Seeing people arguing against Trump's (and, for that matter, every right thinking person's) position on immigration on the analogy of European immigration immigration into a North America occupied by Native Americans...

All of that just strikes me as utterly hollow. Nobody is arguing against a right of migration. What is at issue is the rights of the State and of a political society.

You want to bring in the Native Americans? Ok. Then please hand me their constitutions, their laws, their jurisdictions, etc., and explain to me precisely what laws and what rights of precisely what States, what political societies, were at issue.

You can't?

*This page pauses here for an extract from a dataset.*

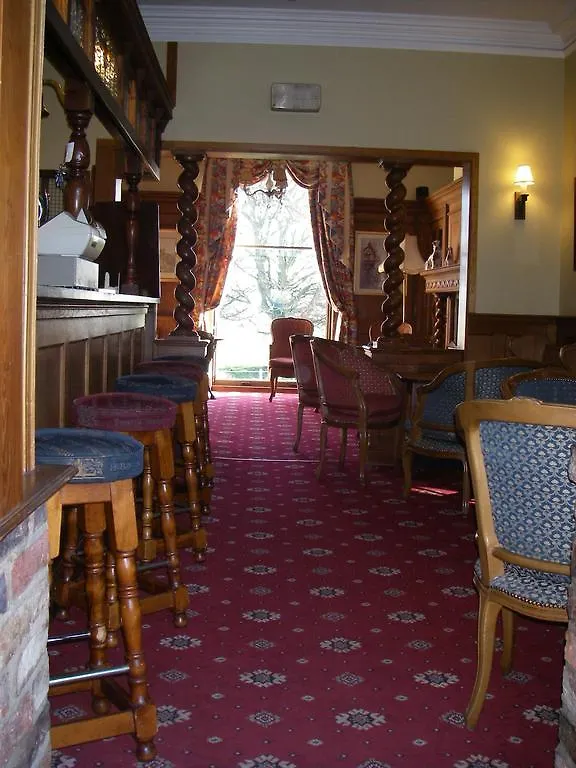Knavesmire Manor Hotel And Leisure York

Then there is no analogy.
 

annabenedetti

like marbles on glass
Broken Promises On Display At Native American Treaties Exhibit

For centuries, treaties have defined the relationship between many Native American nations and the U.S. More than 370 ratified treaties have helped the U.S. expand its territory and led to many broken promises made to American Indians.
A rare exhibit of such treaties at the Smithsonian's National Museum of the American Indian in Washington, D.C., looks back at this history. It currently features one of the first compacts between the U.S. and Native American nations – the Treaty of Canandaigua.


Also known as the Pickering Treaty, the agreement was signed in 1794 between the federal government and the Haudenosaunee Confederacy, or the Six Nations, based in New York. The deal secured an ally for the young U.S. government after the Revolutionary War and returned more than a million acres to the Haudenosaunee. But their territory has been cut down over the years. More than two centuries later, the U.S. has kept one promise.
"Article 6 says that they will provide goods in the amount of $4,500, 'which shall be expended yearly forever,' " explains museum director Kevin Gover, a citizen of the Pawnee Nation of Oklahoma.
Every year, those goods from the U.S. government include bolts of cloth to distribute to tribal citizens. Haudenosaunee leaders have said that cloth is more important than money, because it's a way to remind the U.S. of the treaty terms, large and small.


[. . . ]


The light-blue pages of Treaty K are signed without ratifying seals or ribbons — like 17 other unratified treaties signed by representatives of the U.S. government and Native American nations in California during the Gold Rush.
California lawmakers pressured the U.S. Senate not to ratify the treaties, which promised reservation land to the Native American nations. There was one reason the lawmakers didn't want the treaties, according to the exhibit's curator Suzan Shown Harjo of the Cheyenne and Hodulgee Muscogee Indian nations.
"The answer is always gold," she says. "And if it's not gold, it's silver. And if it's not silver, it's copper. And if it's not, go right through the metal chart."


[. . . ]


Harjo says many American Indians in California suffered without treaty protection.
"They were not only scattered from their lands, and lots of people murdered during the Gold Rush, but they were erased from history," she explains.
While many treaties resulted in tragedies, Harjo says she hopes museum visitors will take away the full span of this diplomatic history.
"People always think of broken treaties and the bad paper and the bad acts, and that is our reality. But it didn't begin there. It began on an honorable footing," she says.
Anyone who wants a strong grounding in American history, Harjo adds, needs to understand the history of these treaties.
"The people who are citizens of the U.S., these are your treaties. They aren't just the Indians' treaties," she says. "No one gave us anything. No one was dragging any land behind them when they came here.

This was our land."
 

RevTestament

New member
Broken Promises On Display At Native American Treaties Exhibit

For centuries, treaties have defined the relationship between many Native American nations and the U.S. More than 370 ratified treaties have helped the U.S. expand its territory and led to many broken promises made to American Indians.
A rare exhibit of such treaties at the Smithsonian's National Museum of the American Indian in Washington, D.C., looks back at this history. It currently features one of the first compacts between the U.S. and Native American nations – the Treaty of Canandaigua.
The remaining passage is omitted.